-- RECORDS --
□ □ □ □
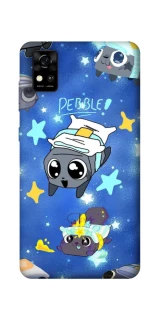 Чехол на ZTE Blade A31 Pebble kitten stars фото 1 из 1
□ □ □ □
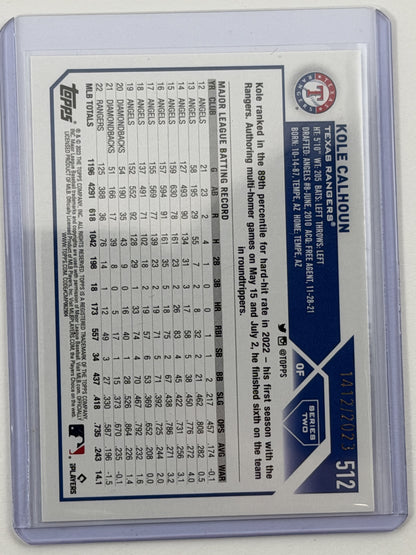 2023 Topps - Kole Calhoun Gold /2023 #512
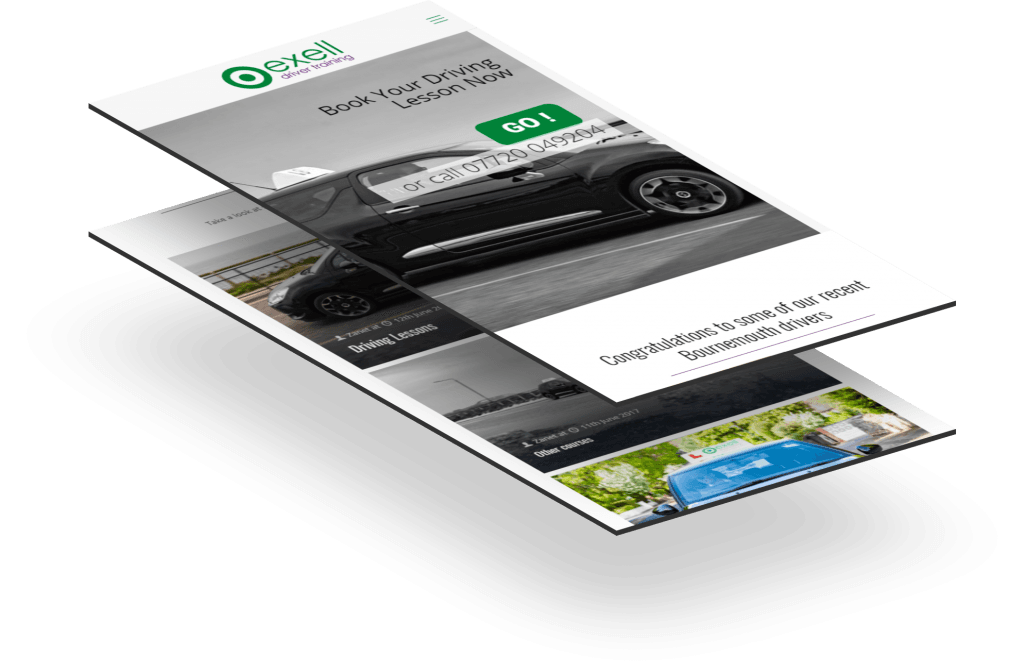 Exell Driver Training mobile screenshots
□ □ □ □
Copy exactly, without pictures, the lines above from the one with "2023 Topps - Kole Calhoun Gold /2023 #512" down to the one with "Exell Driver Training mobile screenshots", inclusive.

-- WRITTEN SOLUTION --
 2023 Topps - Kole Calhoun Gold /2023 #512
 Exell Driver Training mobile screenshots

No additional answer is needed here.